> Required work
Write out, word for word, the part of the listing below that opens with the line containing "USS NEVADA SSBN 733 17523838 Hoodie - 8" and closes with the line containing "Portrait of Aurélien Gerbais", keeping both of those lines and adding no others.

> Source material
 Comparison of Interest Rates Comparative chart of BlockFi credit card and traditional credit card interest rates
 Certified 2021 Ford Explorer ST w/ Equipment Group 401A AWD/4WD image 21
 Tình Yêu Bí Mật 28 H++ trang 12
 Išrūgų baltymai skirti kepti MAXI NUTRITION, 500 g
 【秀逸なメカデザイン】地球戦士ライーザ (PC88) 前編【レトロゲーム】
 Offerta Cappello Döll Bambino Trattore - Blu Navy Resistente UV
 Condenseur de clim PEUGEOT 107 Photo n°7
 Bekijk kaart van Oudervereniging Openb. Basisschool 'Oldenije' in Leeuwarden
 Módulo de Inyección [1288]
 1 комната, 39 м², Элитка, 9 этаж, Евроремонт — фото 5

--

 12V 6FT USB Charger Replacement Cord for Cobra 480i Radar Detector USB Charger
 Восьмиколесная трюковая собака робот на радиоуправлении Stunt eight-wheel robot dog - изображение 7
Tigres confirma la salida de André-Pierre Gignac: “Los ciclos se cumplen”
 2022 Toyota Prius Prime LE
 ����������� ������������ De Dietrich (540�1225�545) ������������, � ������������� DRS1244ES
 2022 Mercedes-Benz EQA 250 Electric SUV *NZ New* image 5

--

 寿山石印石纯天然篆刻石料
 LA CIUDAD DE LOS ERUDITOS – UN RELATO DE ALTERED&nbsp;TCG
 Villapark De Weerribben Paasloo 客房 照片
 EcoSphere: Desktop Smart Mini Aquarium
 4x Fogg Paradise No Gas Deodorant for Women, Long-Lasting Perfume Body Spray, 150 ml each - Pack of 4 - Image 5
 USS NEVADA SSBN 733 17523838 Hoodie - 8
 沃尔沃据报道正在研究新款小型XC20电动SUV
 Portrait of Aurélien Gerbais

> Answer space
 USS NEVADA SSBN 733 17523838 Hoodie - 8
 沃尔沃据报道正在研究新款小型XC20电动SUV
 Portrait of Aurélien Gerbais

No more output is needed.